Wham Bam
Cinderella Man isn’t quite stupendous, but it’s honest and earnest and has dignity and heart, and if you don’t respond to it on some deep-down human level there’s probably something you should have inside that’s not there.
And it’s an actual movie, which definitely qualifies it as an oddity in the current summer season. So count on this one plus Hustle & Flow, Mad Hot Ballroom, Cronicas and Hans Petter Moland’s The Beautiful Country to do the job between now and Labor Day, at the very least.
Russell Crowe as the legendary Jim Braddock, Paul Giamatti as his manager Joe Gould in Ron Howard’s Cinderella Man.

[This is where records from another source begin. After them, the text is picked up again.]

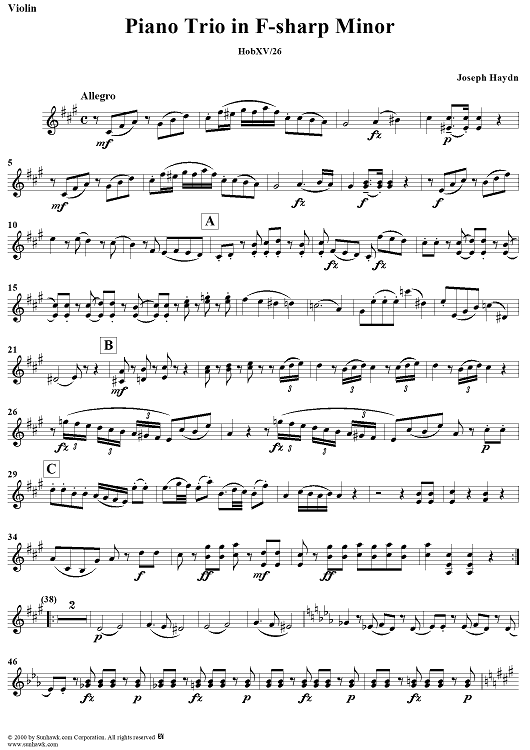 Piano Trio in F-Sharp Minor    (HobXV/26) - Violin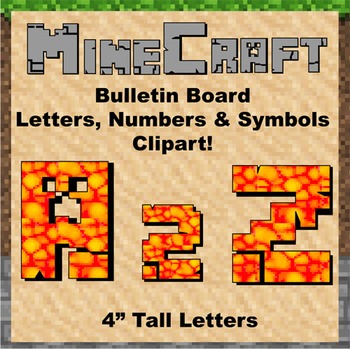 Preview of Bulletin Board Clip Art Letters - 4" tall Lava Minecraft theme
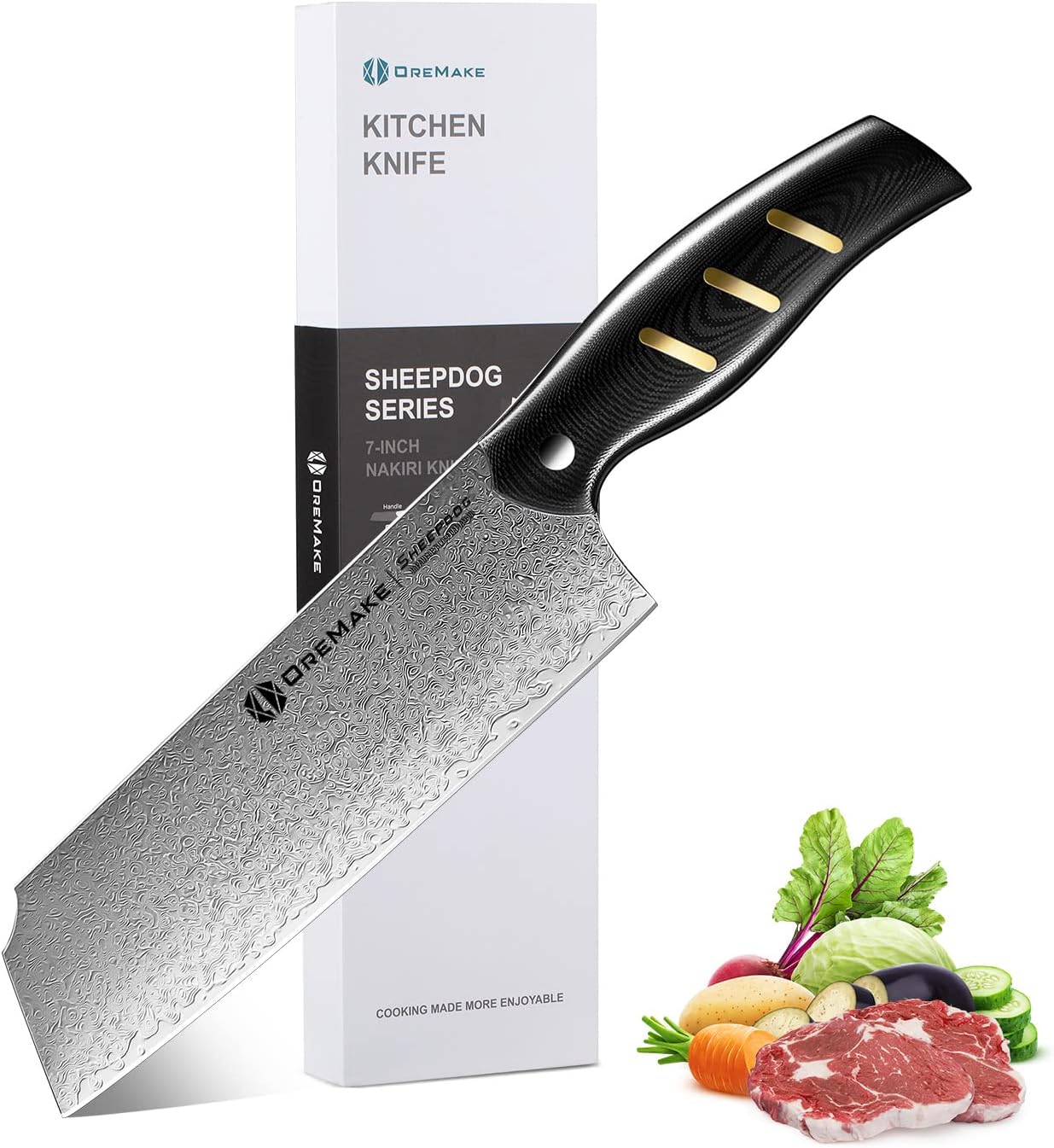 Chef's Knife, OREMAKE 7-INCH NAKIRI Kitchen Knife, Japanese Damascus Steel 69-Layer Forged, With High Carbon Content
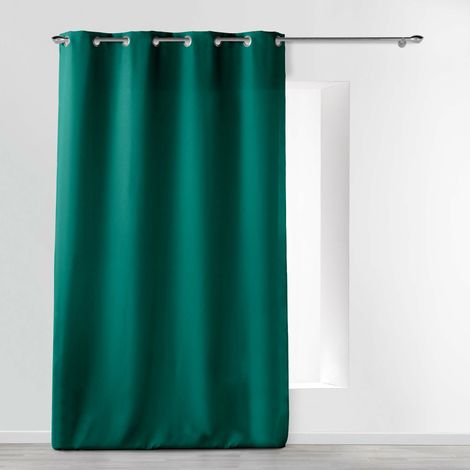 Rideau à 8 oeillets "Essentiel" - Vert emeraude - 140 x 260 cm - Livraison gratuite (1/5)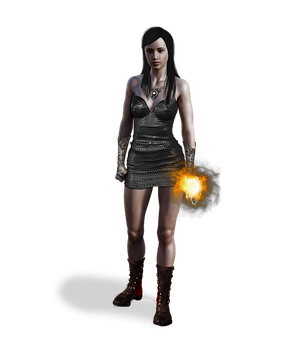 Mystical_ Woman_with_ Fireball PNG Image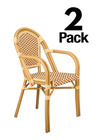 French Bistro With Arms Dining Chair By Chivari  2 Chair Bundle By Chivari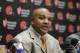 Cleveland Browns head coach Hue Jackson answers questions during a news conference, Wednesday, Jan. 13, 2016, in Berea, Ohio. Jackson has experience as a head coach, knows the AFC North and has fixed quarterbacks. Jackson, who waited four years for his second crack at leading an NFL team, has been hired as Cleveland's next coach, the struggling franchise's eighth since 1999 and sixth since 2008. (AP Photo/Tony Dejak)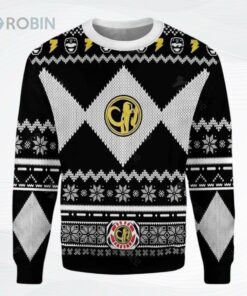 Black Power Ranger Ugly Christmas Sweater, Sweatshirt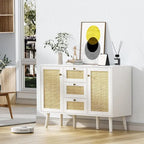 Mid-Century Modern 47.2 W 2-Door White Buffet/Sideboard Rattan Storage Accent Cabinet with Drawers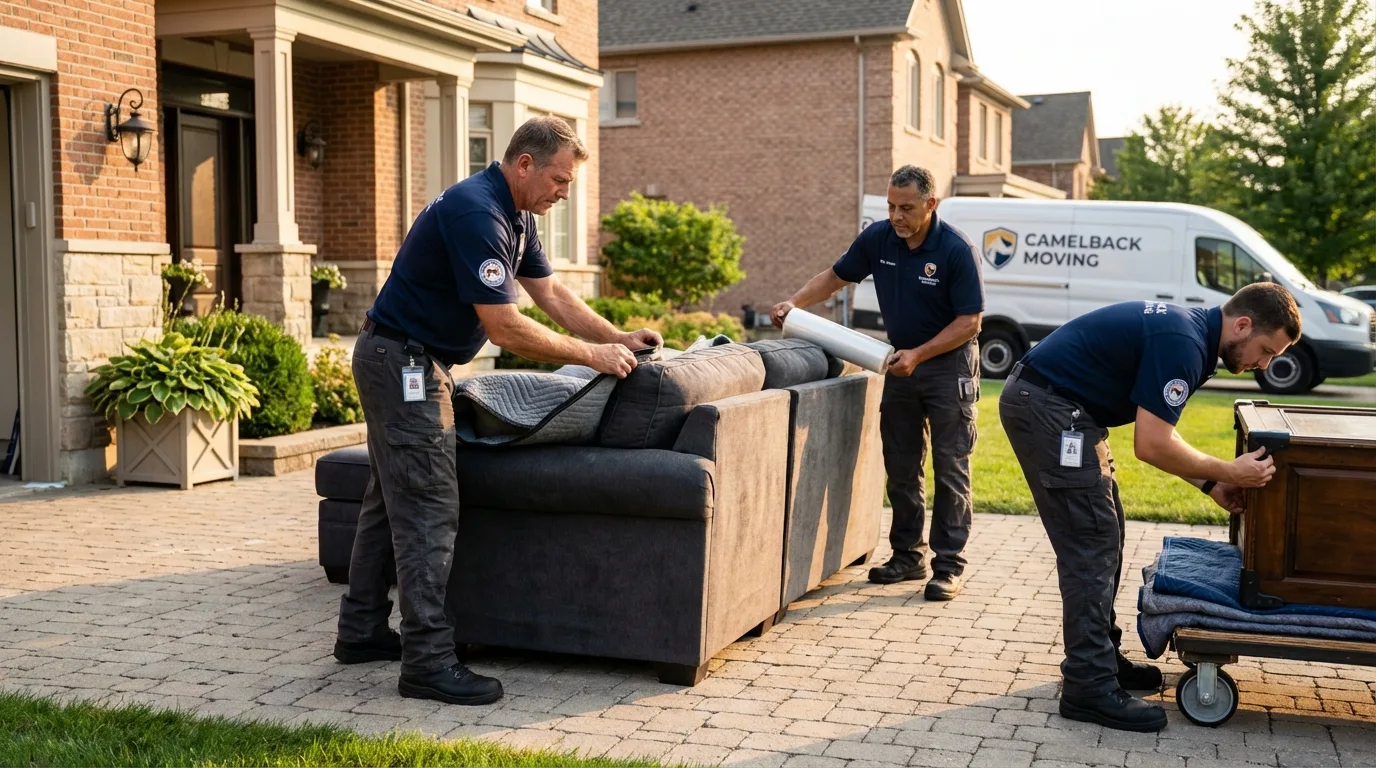 Large estate moving crew wrapping furniture in Quanah, TX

Cinderella Man is easily the best, most emotionally rewarding mainstream flick of the year so far, and that’s not a left-handed way of saying it’s the best application of traditional thematic uplift…although it is that, I suppose.
And the Fistbiscuit crack applies, yes, but there’s no turf-sharing in terms of quality.
Like Seabiscuit, Cinderella Man (Universal, 6.3) is a 1930s Depression saga about a sports figure — an Irish boxer named James Braddock (Russell Crowe) — who was up and flush in the late 20s and then down after the 1929 crash and then fighting badly and presumed to be over…like a lot of people were assuming about themselves and even the country as a whole.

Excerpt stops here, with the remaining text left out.